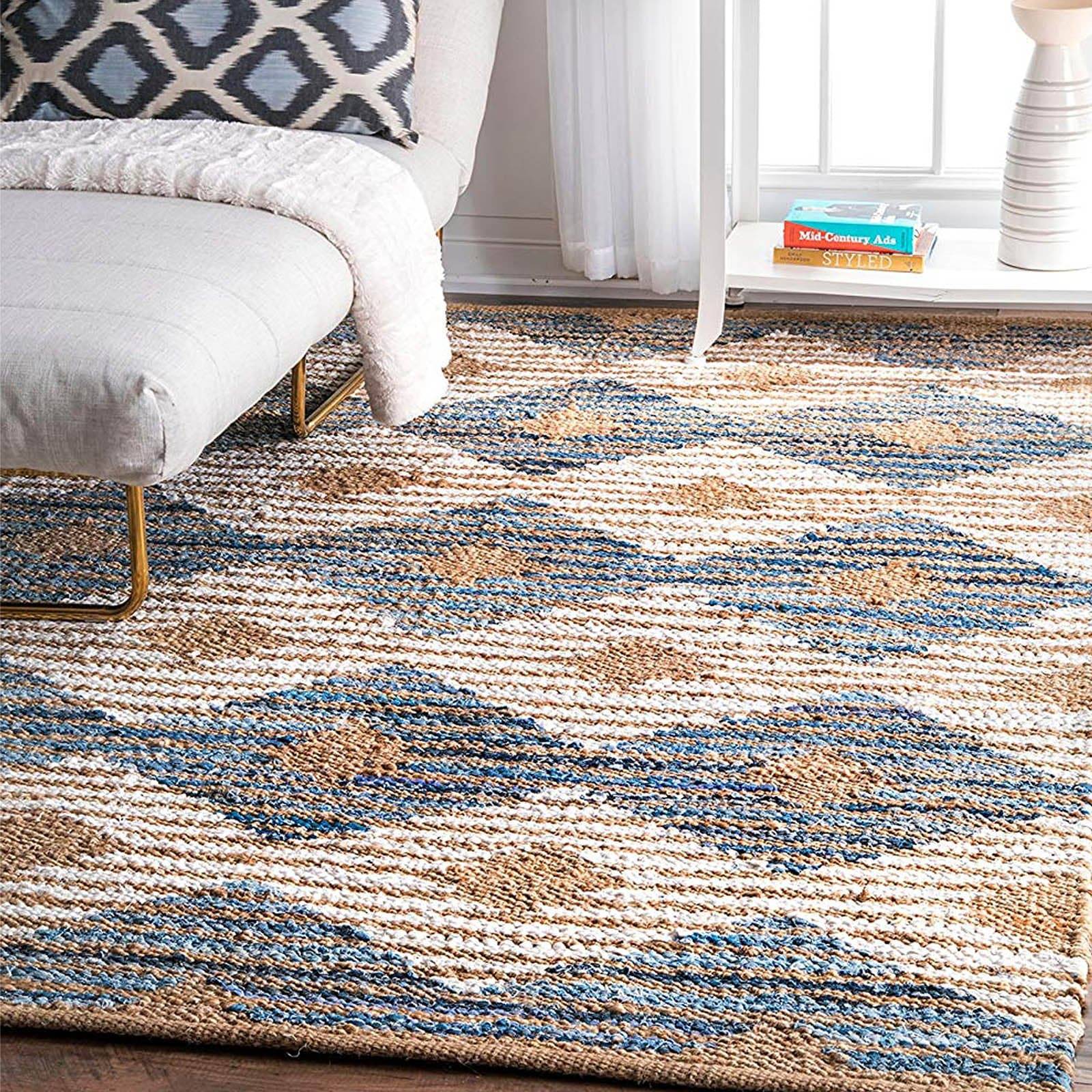 230X160 Cm Diamond  Handmade Wool Rug Jh-2055-M -  Rugs | 230x160 سم سجادة من الصوف مصنوعة يدويًا من دايموند - ebarza Furniture UAE | Shop Modern Furniture in Abu Dhabi & Dubai - مفروشات ايبازرا في الامارات | تسوق اثاث عصري وديكورات مميزة في دبي وابوظبي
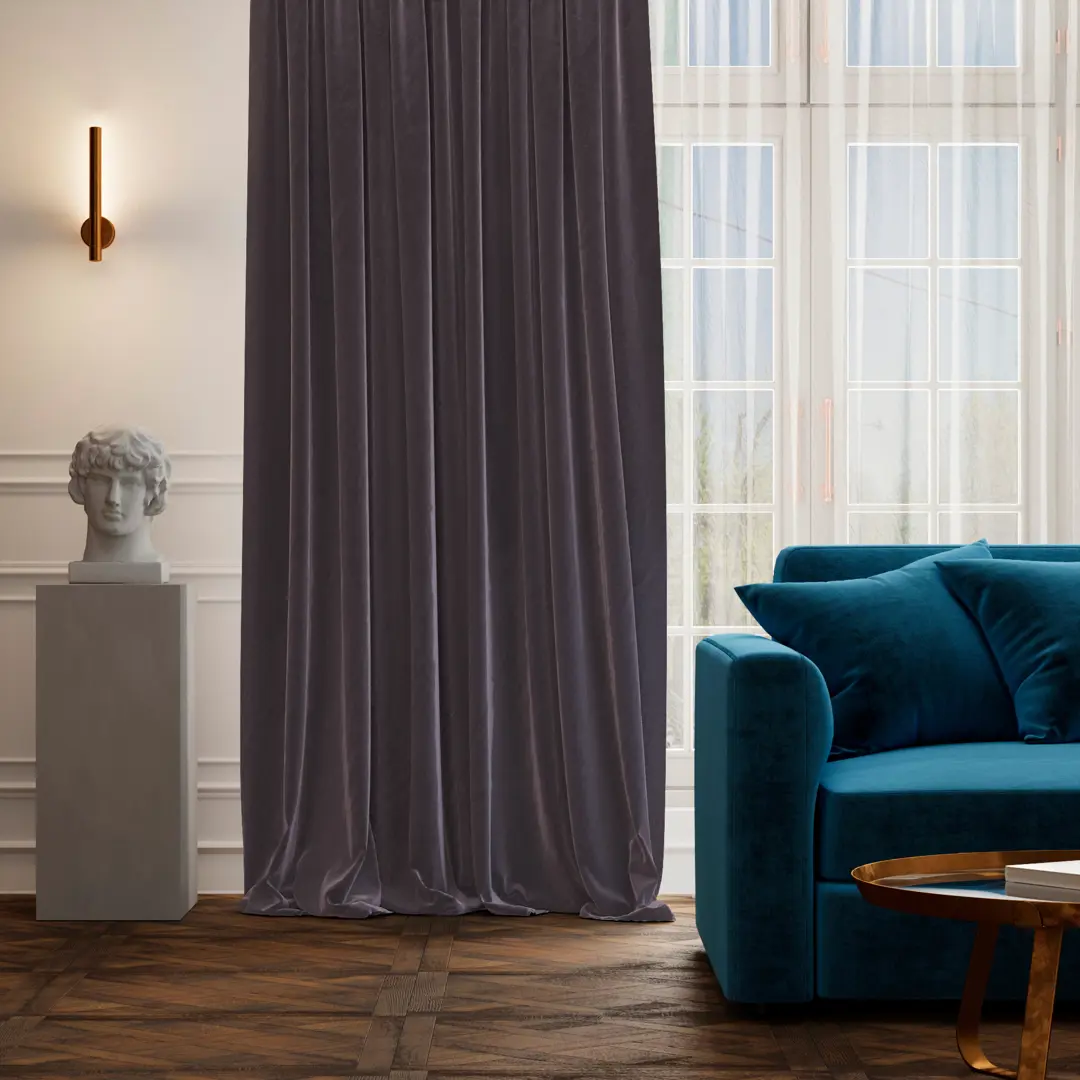 

Штора на ленте Flame 250x300 см цвет фиолетовый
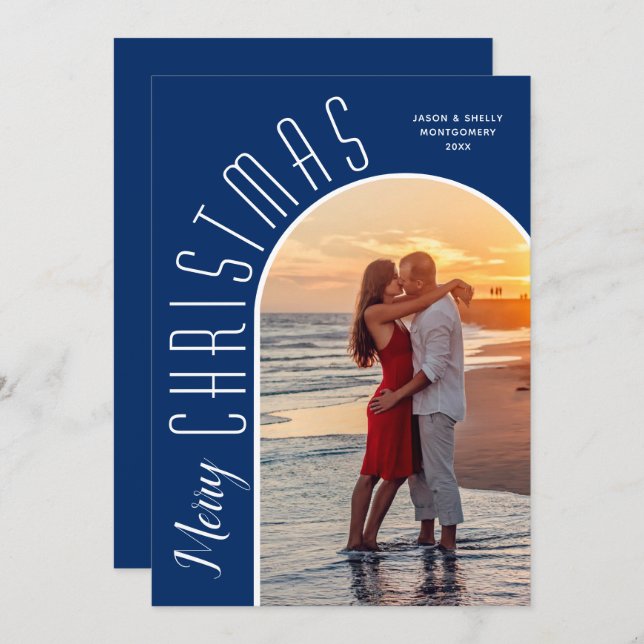 Merry Christmas Photo Dusty Navy Blue Holiday Card (Front/Back)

* * *

*PROBLEM DESCRIPTION:* Everything in the listing above except the pictures should be duplicated exactly.

*ANSWER:*
 230X160 Cm Diamond  Handmade Wool Rug Jh-2055-M -  Rugs | 230x160 سم سجادة من الصوف مصنوعة يدويًا من دايموند - ebarza Furniture UAE | Shop Modern Furniture in Abu Dhabi & Dubai - مفروشات ايبازرا في الامارات | تسوق اثاث عصري وديكورات مميزة في دبي وابوظبي

Штора на ленте Flame 250x300 см цвет фиолетовый
 Merry Christmas Photo Dusty Navy Blue Holiday Card (Front/Back)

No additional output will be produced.